## [Problem to work on]
Instruction for the listing below: copy exactly, and only, the lines from the one holding "Gut Leithaberg Hotel Jois Exterior photo" through its last line, omitting any picture.

## [Material provided]
▽

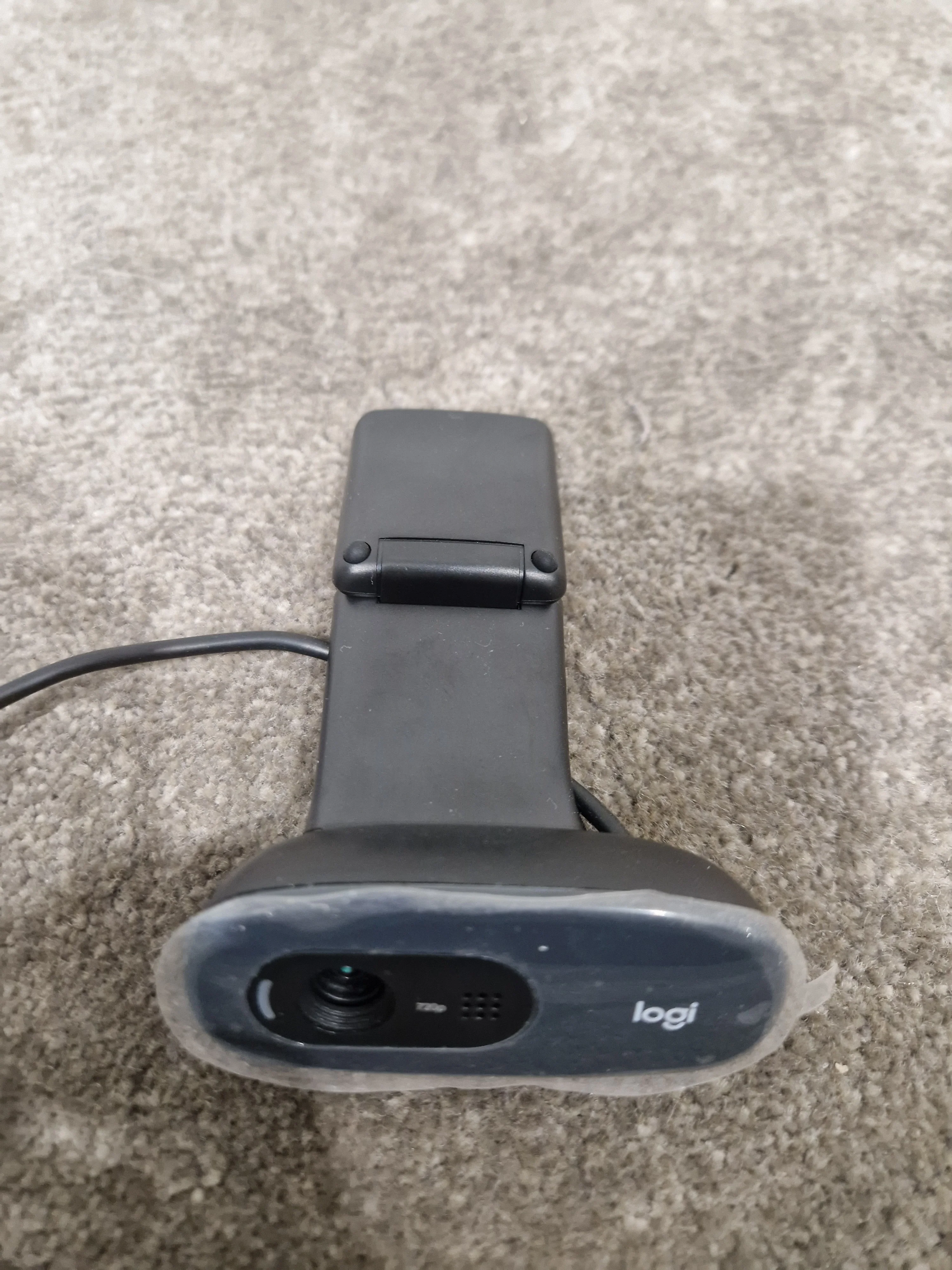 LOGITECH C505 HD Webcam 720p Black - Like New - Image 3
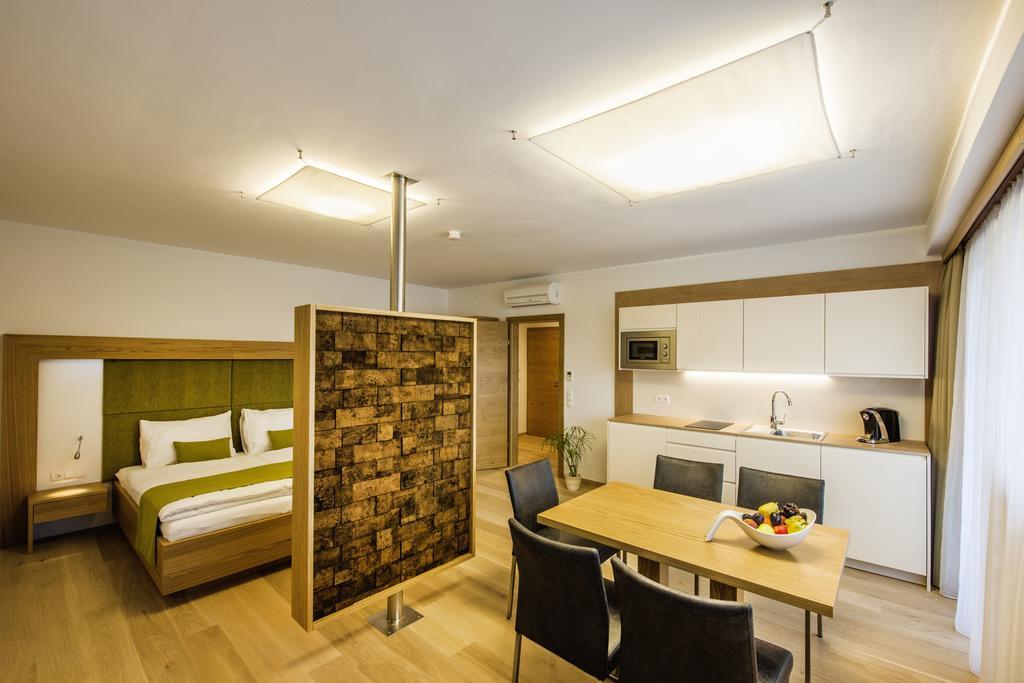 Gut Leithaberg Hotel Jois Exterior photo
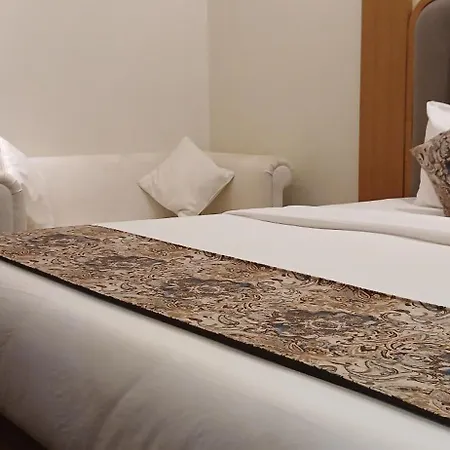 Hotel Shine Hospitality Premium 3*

△

## [Answer for this exercise]
 Gut Leithaberg Hotel Jois Exterior photo
 Hotel Shine Hospitality Premium 3*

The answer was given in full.